Civil Rights and Bob Dylan

The Rock and Roll Hall of Fame inductee has been instrumental in social change since the 1960's with his folk music. He was born Robert Allen Zimmerman on May 24, 1941 in Duluth, Minnesota.

At the age of six, his father was stuck with Polio and the family moved to Hibbing, Minnesota, a small but close-knit Jewish community where his mother was from. He spent most of his youth listening to the radio and fell in love with music, at the time it was rock and roll.

When he entered the University of Minnesota, he decided that rock and roll was not enough for him and turned to folk music. He wanted to write and sing songs that reflected life, with all its pain and deep emotions. He wanted to tell these stories.
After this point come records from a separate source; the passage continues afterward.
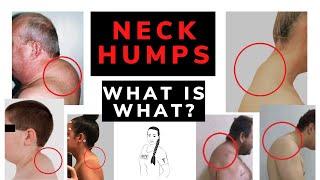 Neck hump - dowager's hump or buffalo hump? What is what?!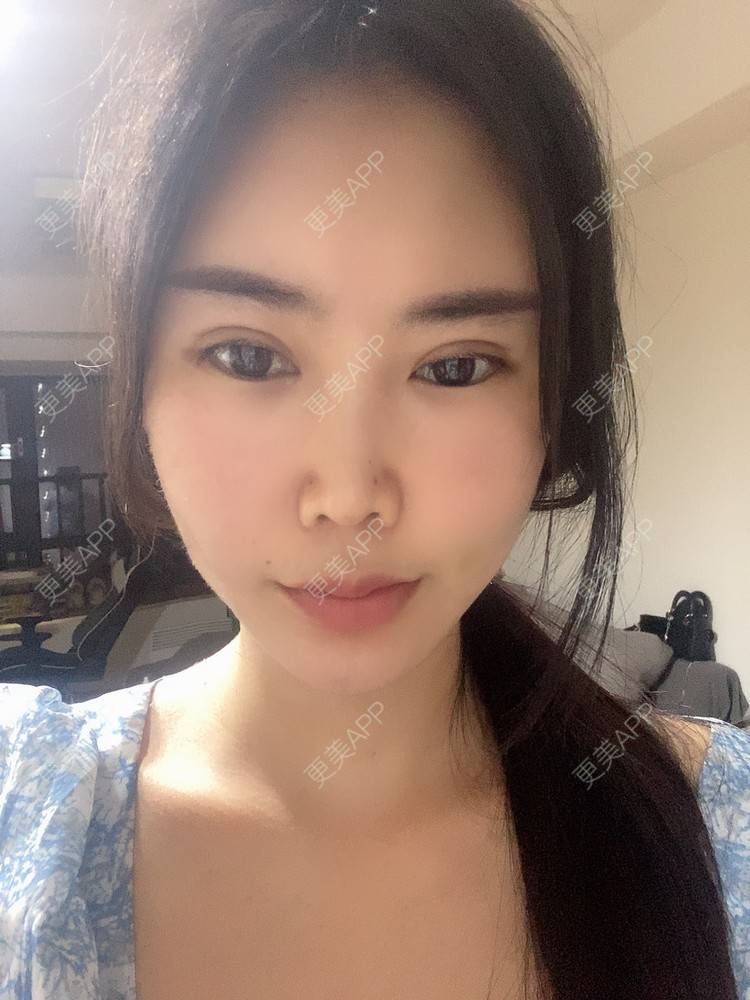 更美 - 明眸善睐666的玻尿酸唇部经验 | 玻尿酸唇部 | 成都 | 玻尿酸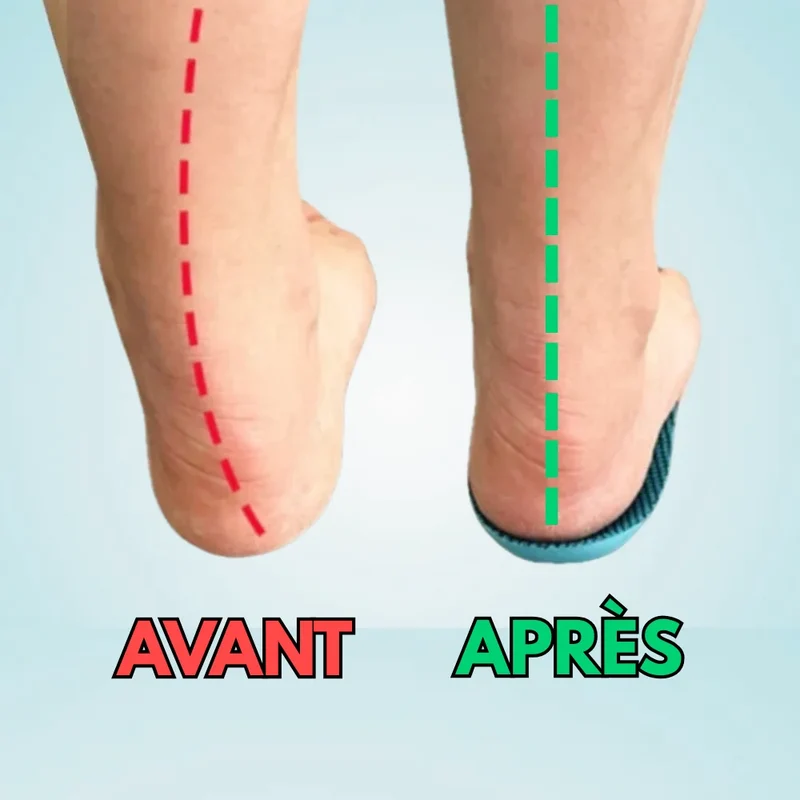 Semelles pour fasciite plantaire - Plus de douleur aux pieds en 14 jours | ConfortFlex®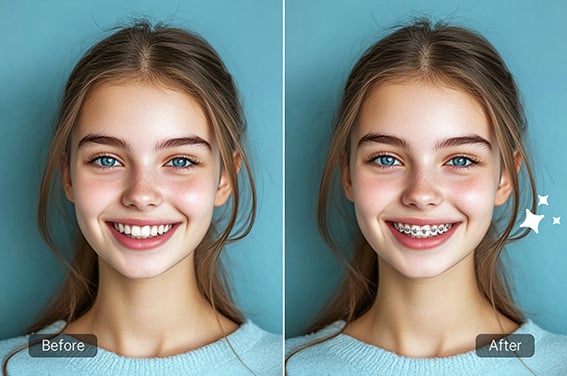 Braces Try-On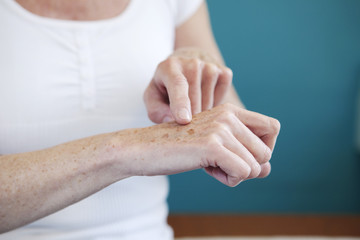 Dermatology, symptomatology elderly person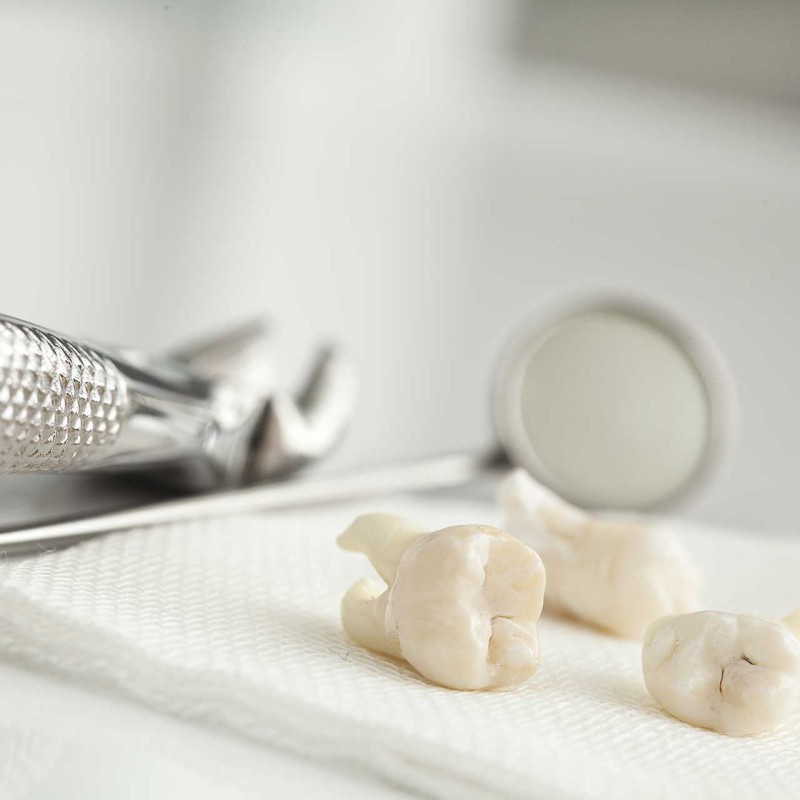 Reshaping After Tooth Loss with Dental Bone Grafting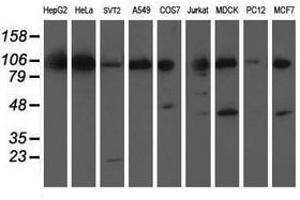 Image no. 2 for anti-Excision Repair Cross-Complementing Rodent Repair Deficiency, Complementation Group 4 (ERCC4) antibody (ABIN1498073) (ERCC4 抗体)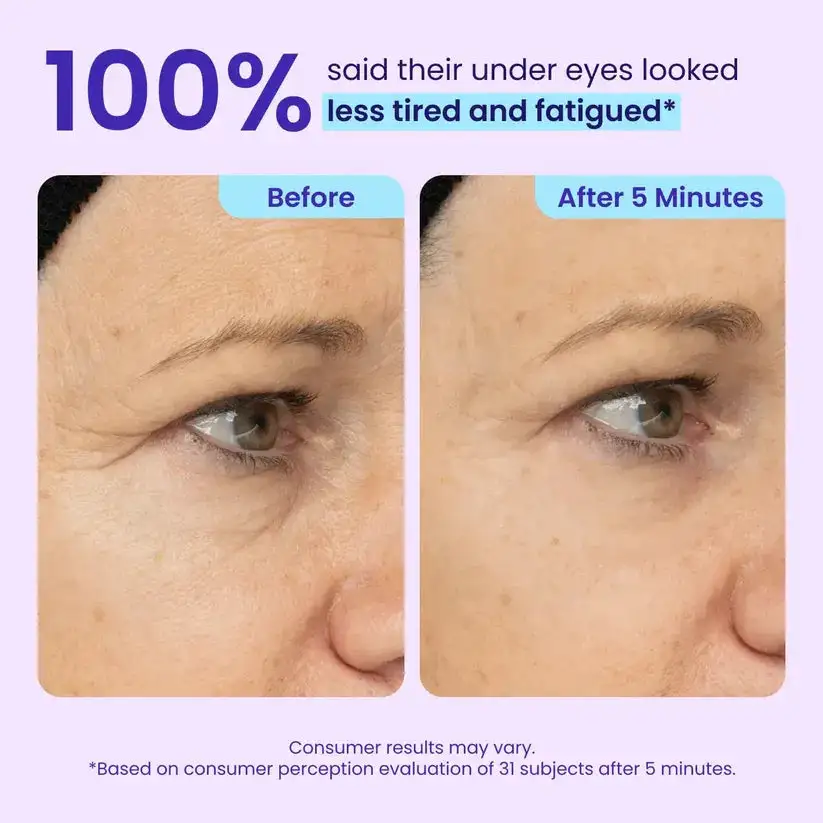 Maiakoo Instant Lift Eye Gel for Puffiness, Bags & Wrinkles - Image 8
It was at this time that he started to introduce himself as Bob Dylan.

In 1963 Dylan was very active in the Civil Rights Movement, when he was to appear on the Ed Sullivan Show, and because of his politics and the song that he wanted to sing on the show "Talkin' John Birch Paranoid Blues" CBS Television believed it to be slanderous against the John Birch Society, so instead of being censored, he refuse to appear on the show.

Of course this got him a great deal of attention.

In August of 1963, Dylan and his partner Baez sang songs from his third album " The Times They Are A-Changin", at the March on Washington.
On this album were songs like, " Only A Pawn in Their Game", which addressed the death of Medger Evers; "The Lonesome Death of Hattie Carroll" about the death of a black barmaid at the hands of a white socialite; and many others that carried strong political messages.
He also recorded this song,
" The Death of Emmit Tillman"

By the end of that year the pressure and tension of his activism had taken his told and the music changed.